[Captioned web images]
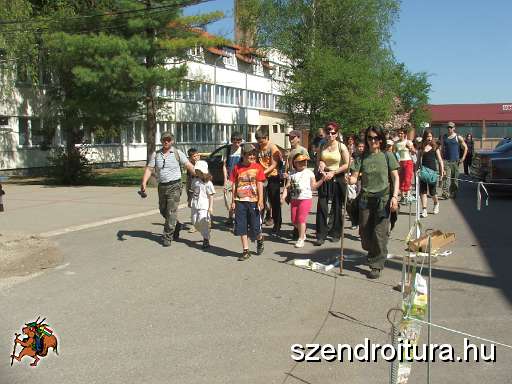 7-Vitezlo-2012-album-0456.JPG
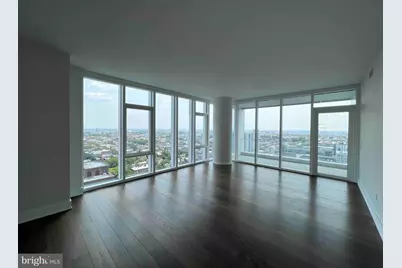 301 S Broad #2103, Philadelphia, PA 19107 - Photo 18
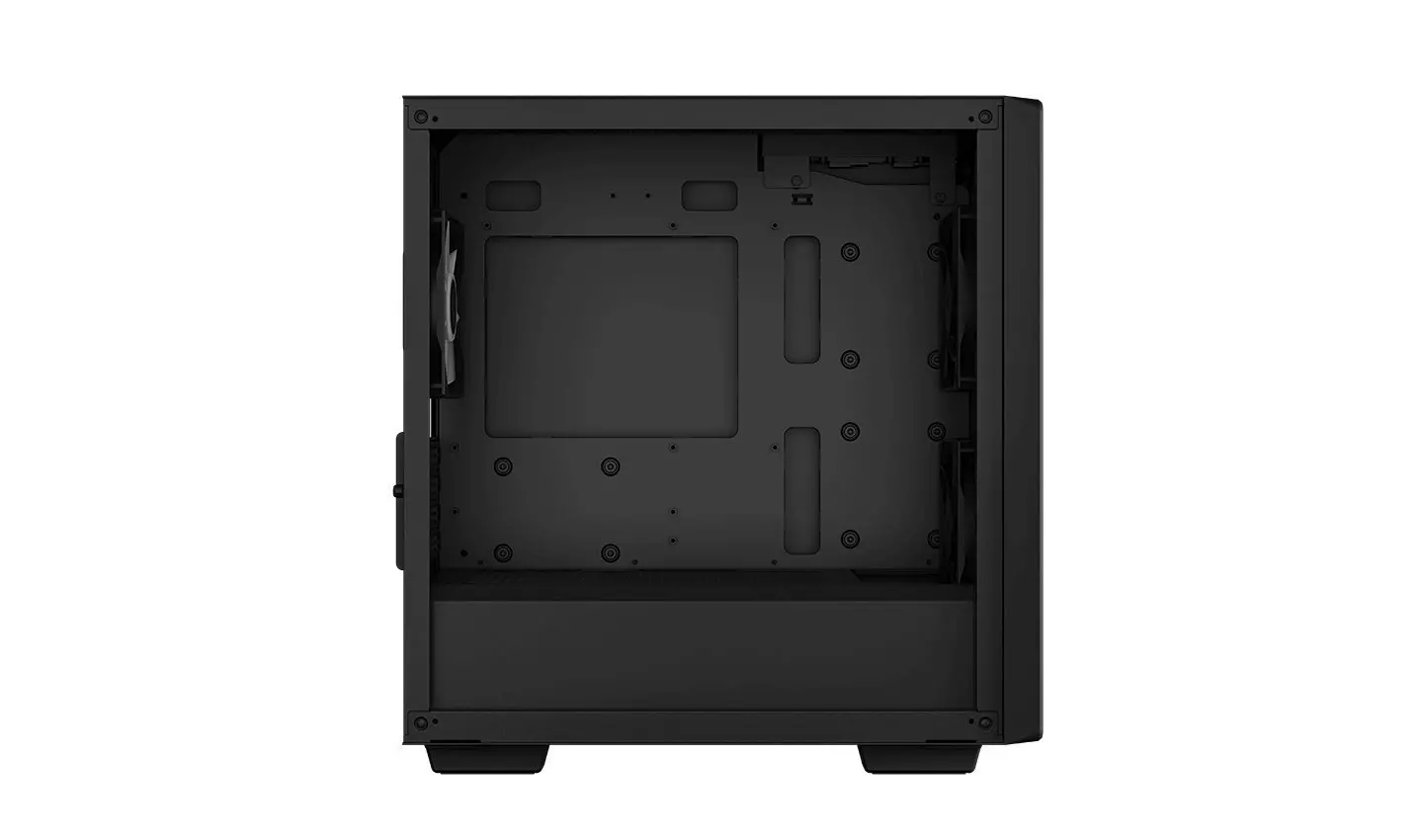 Кутия за компютър, DeepCool CC360 ARGB - image 5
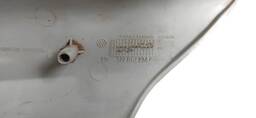 MOLDURA LATERAL DIREITA VW GOL SAVEIRO 99/03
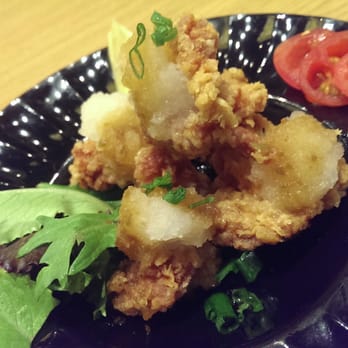 Sanpoutei Ramen - Ramen Near Me - Richmond, British Columbia Sanpoutei Ramen - Ramen Near Me - Richmond, British Columbia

• TASK STATEMENT: Print exactly the lines from the line with "Кутия за компютър, DeepCool" through the end of the data, both ends included, and print no pictures.

• SOLVED PROBLEM:
 Кутия за компютър, DeepCool CC360 ARGB - image 5
 MOLDURA LATERAL DIREITA VW GOL SAVEIRO 99/03
 Sanpoutei Ramen - Ramen Near Me - Richmond, British Columbia Sanpoutei Ramen - Ramen Near Me - Richmond, British Columbia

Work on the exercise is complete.